Google Jobs renders listings dynamically and localizes results, so naïve HTTP requests rarely return usable data. The most reliable approach is to use a scraping API that handles JavaScript rendering and geo-targeting, then parse just the fields you need into CSV.

What you’ll build:

  • CSV files per query and location with job title, company, location, date, salary, source, and share URL.
  • A scalable pipeline that runs multiple queries across multiple geo-locations concurrently.

Method 1 — Oxylabs Web Scraper API (asynchronous, scalable)

Oxylabs’ Web Scraper API (Google Jobs source) runs headless browsers with geo-targeting and a Custom Parser so you receive structured fields instead of raw HTML.

What you’ll need

  • Oxylabs account and API user credentials (username/password). Create an account in the Oxylabs dashboard, start a free trial, and copy your API user and password from the dashboard credentials page.
  • Python 3.11+ on your machine.

Step 1: Create an Oxylabs account and copy your API username and password from the dashboard (Oxylabs).

Step 2: Install Python 3.11 or newer on your system if it’s not installed yet.

Step 3: Install required libraries for async scraping.

pip install aiohttp asyncio pandas

Step 4: Create a file named payload.json with parsing rules for Google Jobs (Oxylabs Custom Parser).

{
  "source": "google",
  "url": null,
  "geo_location": null,
  "user_agent_type": "desktop",
  "render": "html",
  "parse": true,
  "parsing_instructions": {
    "jobs": {
      "_fns": [
        { "_fn": "xpath", "_args": ["//div[@class='nJXhWc']//ul/li"] }
      ],
      "_items": {
        "job_title":     { "_fns": [{ "_fn": "xpath_one", "_args": [".//div[@class='BjJfJf PUpOsf']/text()"] }] },
        "company_name":  { "_fns": [{ "_fn": "xpath_one", "_args": [".//div[@class='vNEEBe']/text()"] }] },
        "location":      { "_fns": [{ "_fn": "xpath_one", "_args": [".//div[@class='Qk80Jf'][1]/text()"] }] },
        "date":          { "_fns": [{ "_fn": "xpath_one", "_args": [".//div[@class='PuiEXc']//span[@class='LL4CDc' and contains(@aria-label, 'Posted')]/span/text()"] }] },
        "salary":        { "_fns": [{ "_fn": "xpath_one", "_args": [".//div[@class='PuiEXc']//div[contains(@class,'I2Cbhb') and contains(@class,'bSuYSc')]//span[@aria-hidden='true']/text()"] }] },
        "posted_via":    { "_fns": [{ "_fn": "xpath_one", "_args": [".//div[@class='Qk80Jf'][2]/text()"] }] },
        "URL":           { "_fns": [{ "_fn": "xpath_one", "_args": [".//div[@data-share-url]/@data-share-url"] }] }
      }
    }
  }
}

Step 5: Create a Python file named jobs_oxylabs.py.
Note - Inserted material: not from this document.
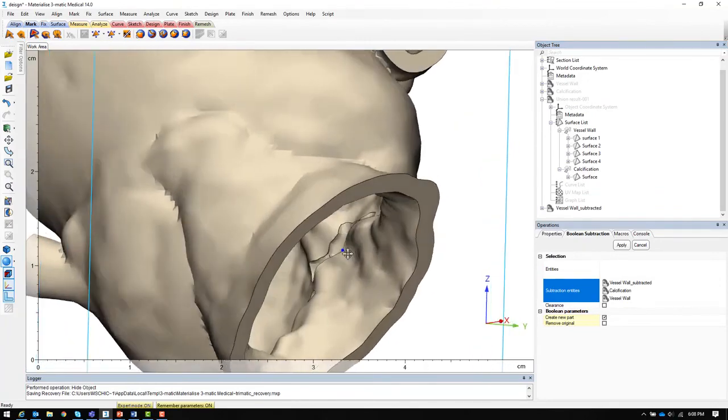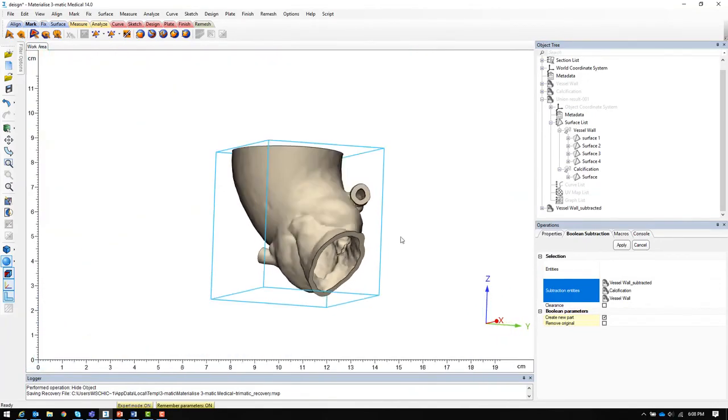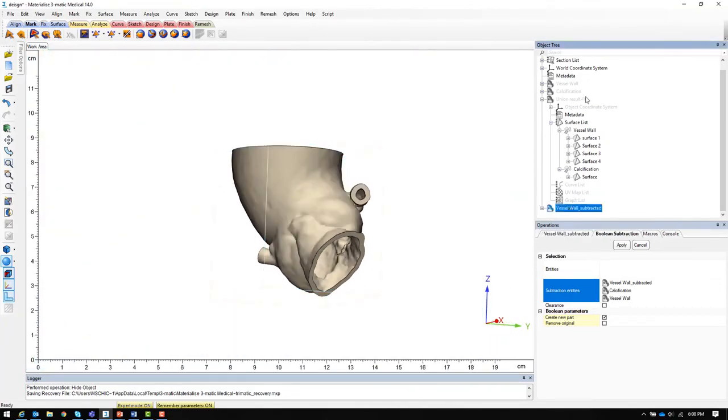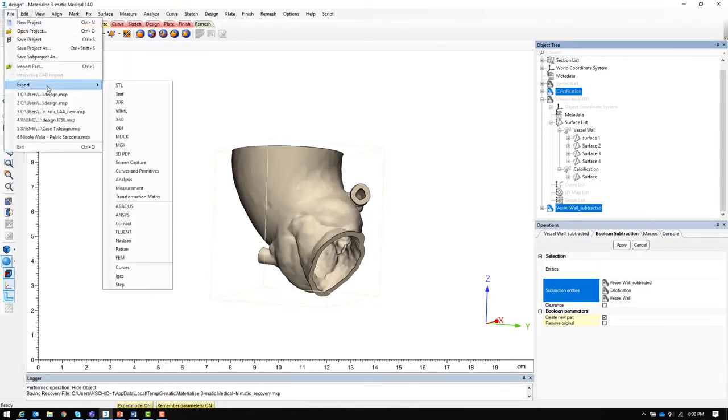Once we have ensured that there are no intersections, the final models including the vessel wall subtracted and calcification can be exported as STL files and taken to a build processor.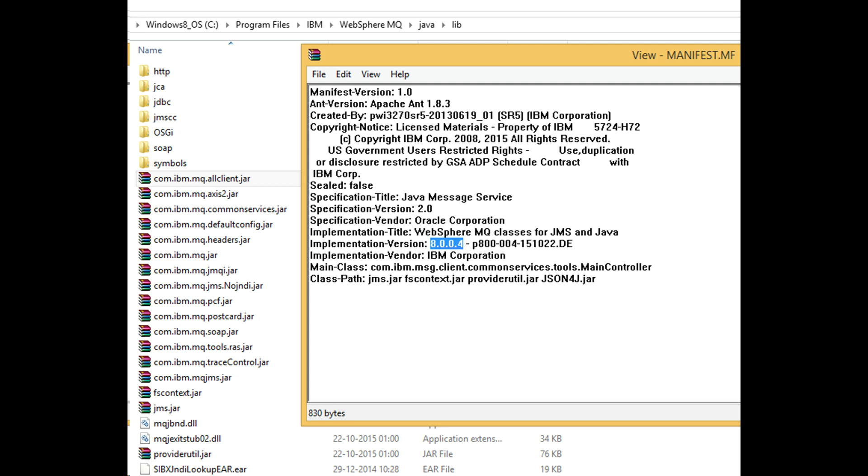I prefer to use jar files available along with the version of MQ and IIP installation on my machine.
Step 6: Paste imports and load credentials (Oxylabs).

import asyncio
import aiohttp
import json
import pandas as pd
from aiohttp import ClientSession, BasicAuth

# Replace with your Oxylabs API username/password from the dashboard
OXY_USER = "USERNAME"
OXY_PASS = "PASSWORD"

credentials = BasicAuth(OXY_USER, OXY_PASS)

# Load parsing payload
with open("payload.json", "r") as f:
    PAYLOAD = json.load(f)

Step 7: Add helper functions to submit a job, poll status, and fetch results (Oxylabs Push-Pull endpoint).

async def submit_job(session: ClientSession, payload: dict) -> str:
    async with session.post("https://data.oxylabs.io/v1/queries", auth=credentials, json=payload) as resp:
        data = await resp.json()
        return data["id"]

async def check_status(session: ClientSession, job_id: str) -> str:
    async with session.get(f"https://data.oxylabs.io/v1/queries/{job_id}", auth=credentials) as resp:
        data = await resp.json()
        return data["status"]

async def fetch_jobs(session: ClientSession, job_id: str) -> list:
    async with session.get(f"https://data.oxylabs.io/v1/queries/{job_id}/results", auth=credentials) as resp:
        data = await resp.json()
        return data["results"][0]["content"]["jobs"]

Step 8: Add a function to write parsed jobs to a CSV per query and location.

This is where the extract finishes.